DATA SECTION below:

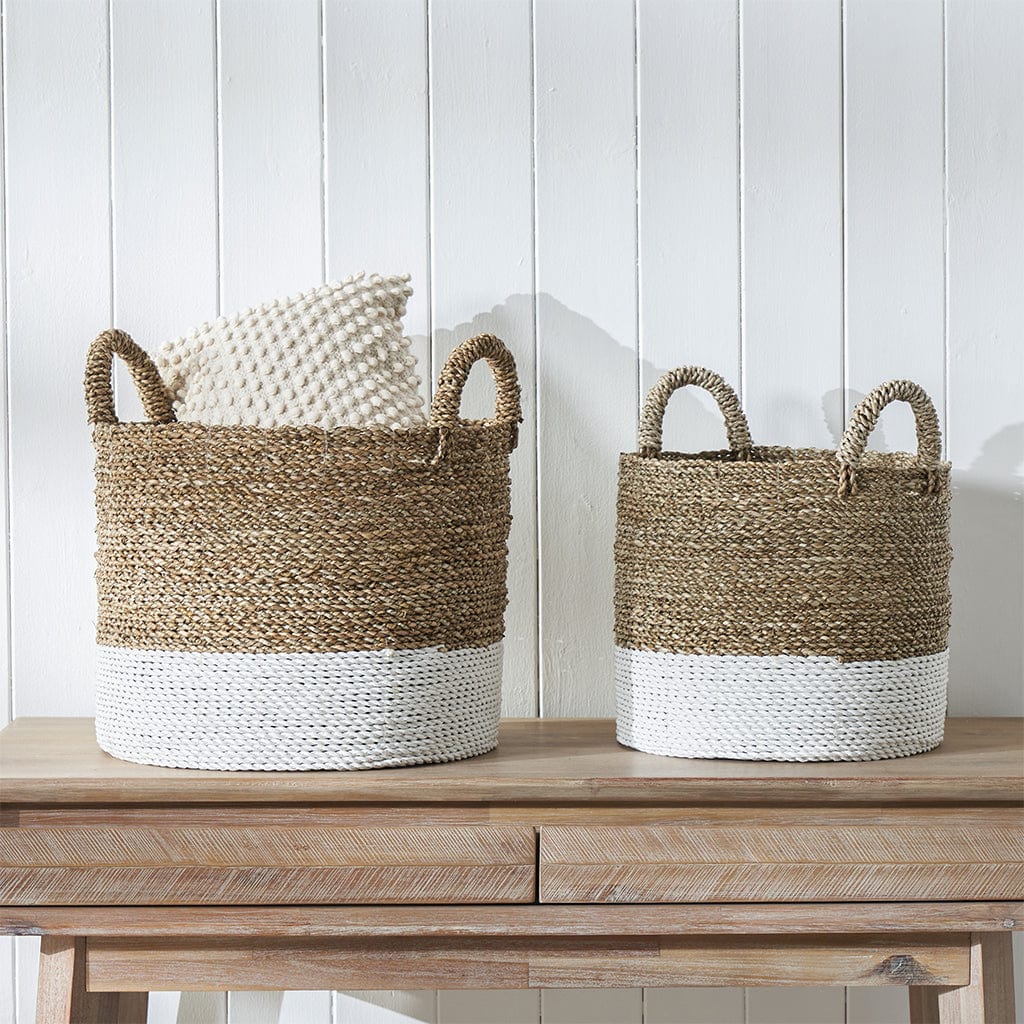 Set of 2 Banana Leaf Two Tone Natural & White Baskets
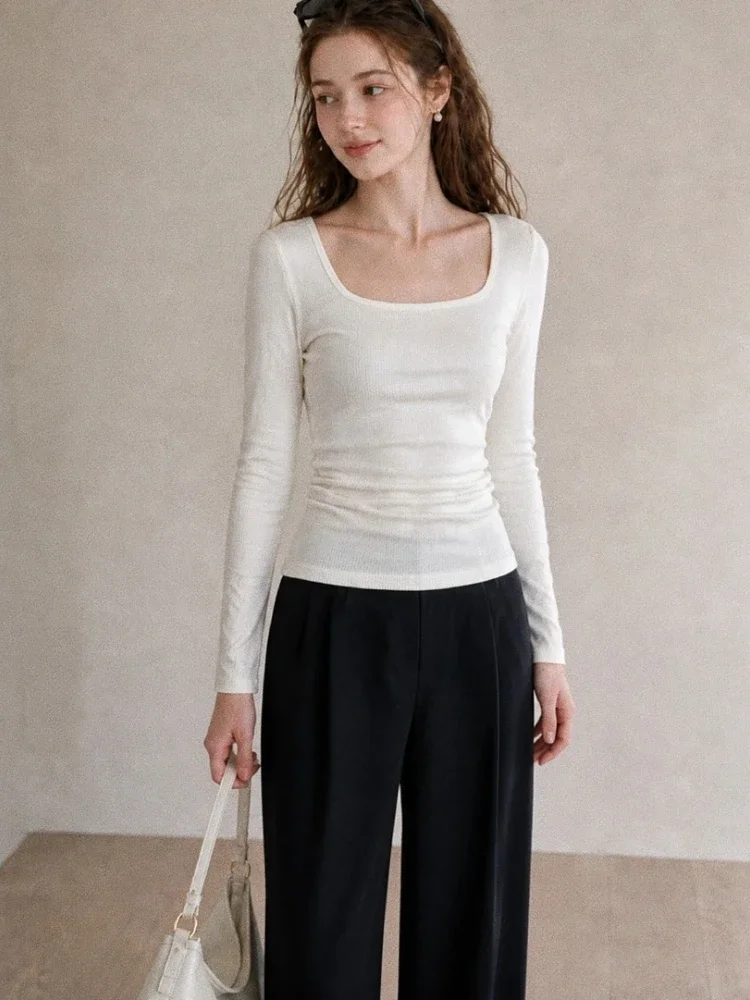 zjaiss Pleated Slim Solid Long Sleeve Women T-shirt 2026 Autumn New Korean Style Square Neck Tee Simple Versatile Cotton Top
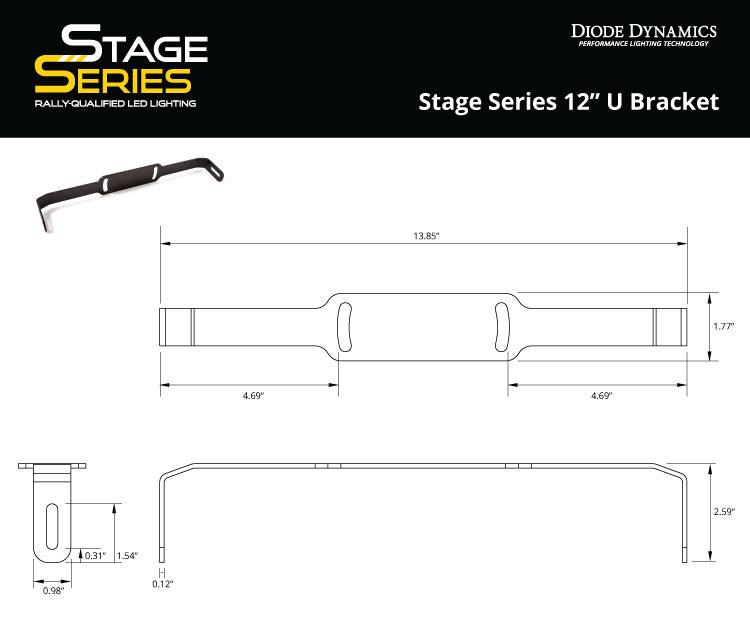 Diode Dynamics DD6002S Stage Series 12 Inch U Bracket Single Diode Dynamics - Truck Part Superstore
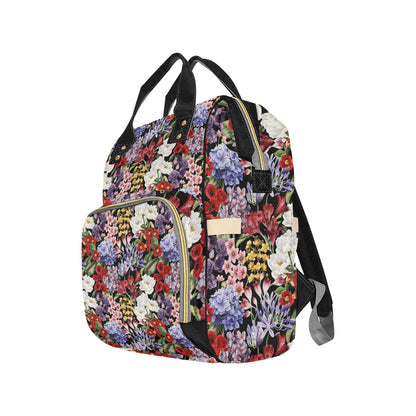 Summer Floral Pattern Print Design SF04 Diaper Bag Backpack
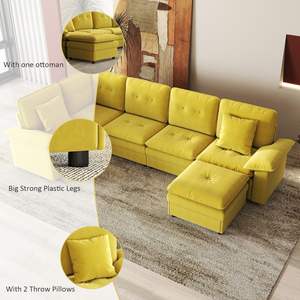 Canapé modulaire beige W PPL avec ottoman mobile, assise profonde confortable, canapé nuage pour salon, bureau, appartement - Product Image 6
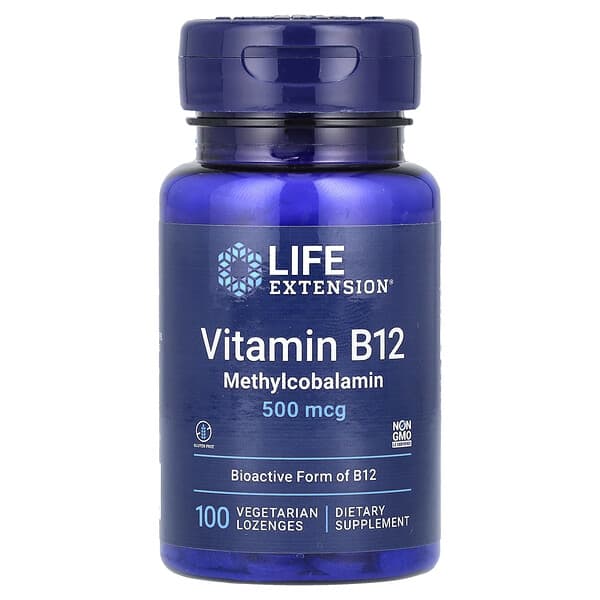 Life Extension, B12, Methylcobalamin, 500 mcg, 100 Vegetarian Lozenges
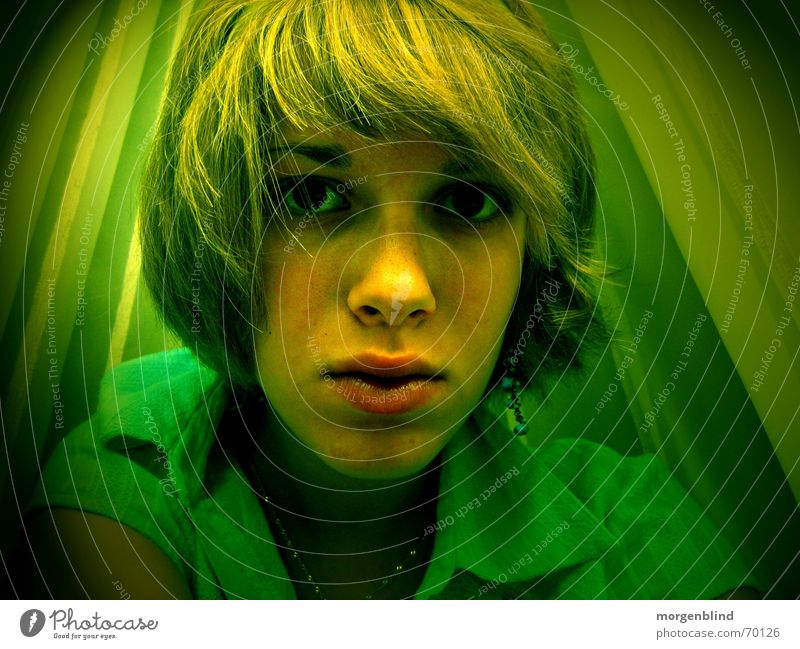 -untitled- Green Woman Yellow Emotions Moody Lips Calm photographic art Hair and hairstyles Doubt Nose Eyes Snapshot Irritation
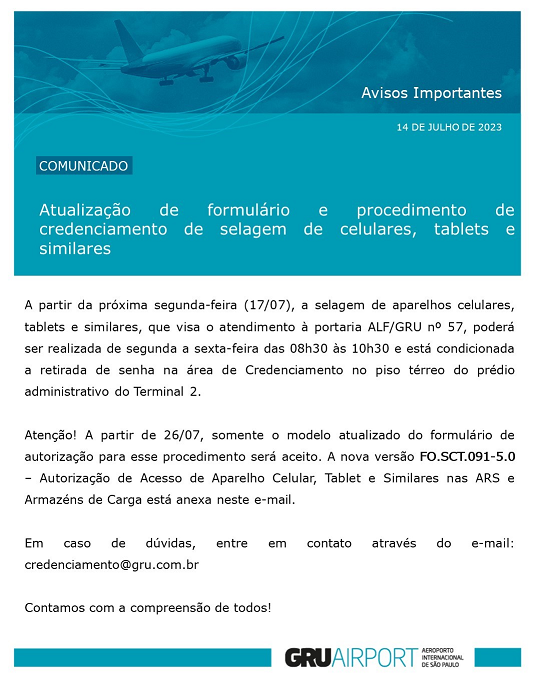 Comunicado GRU AIRPORT  - ATUALIZAÇÃO DE FORMULÁRI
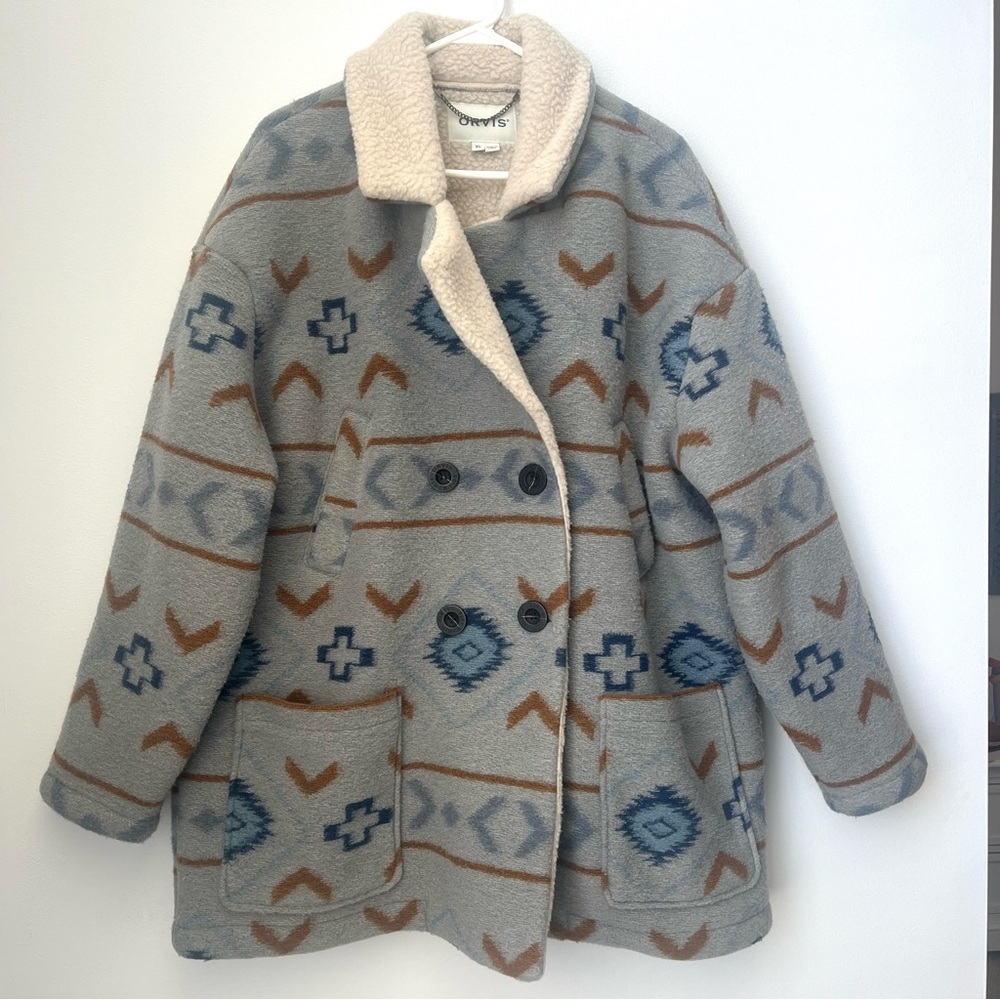 Orvis Aztec Patterned Sherpa Collar Jacket Wool Blend Size XL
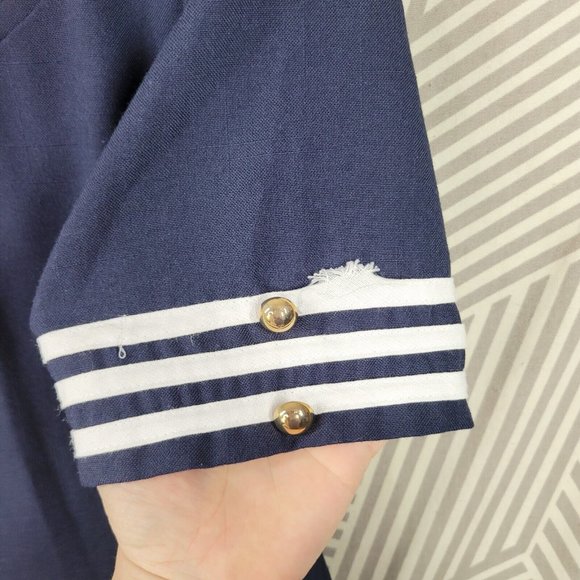 Vintage 90s Sailor Shirt Dress Size 12 Midi Navy Blue Embroidered Stripe Sheath - Picture 4 of 7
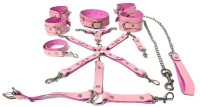 [Adults Only] New Pink Faux Leather Bondage Neck, Wrist + Foot Restraints & Leash Set | One Size Fits Most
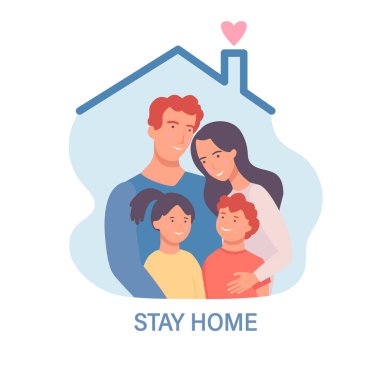 Aile tecrit altında. Pankart, poster, broşür, sosyal medya kampanyası ve koronavirüs önleme için evde kalın. Pandemia sırasında karantina. Sağlık hizmeti konsepti. Vektör illüstrasyonu.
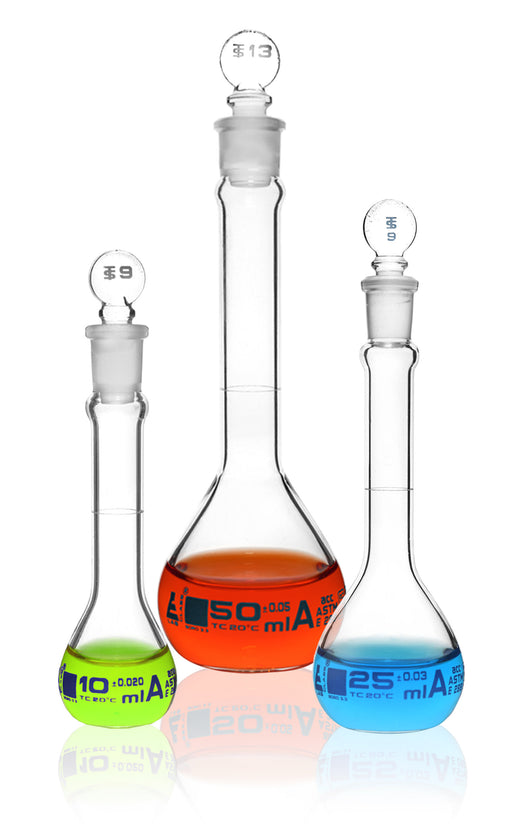 Eisco Labs - Flacone volumetrico, 10 ml, classe A, ASTM, tolleranza ±0,020 ml, tappo in vetro, singolo e bianco Eisco Labs - Flacone volumetrico, 10 ml, classe A, ASTM, tolleranza ±0,020 ml, tappo in vetro, singolo e bianco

End of DATA SECTION.

(TRY IT) Leaving each picture behind, please give again exactly the lines above from the one with "Canapé modulaire beige" through the one with "Life Extension, B12, Methylcobalamin, 500", both included, and no others.

(TASK SOLUTION)
 Canapé modulaire beige W PPL avec ottoman mobile, assise profonde confortable, canapé nuage pour salon, bureau, appartement - Product Image 6
 Life Extension, B12, Methylcobalamin, 500 mcg, 100 Vegetarian Lozenges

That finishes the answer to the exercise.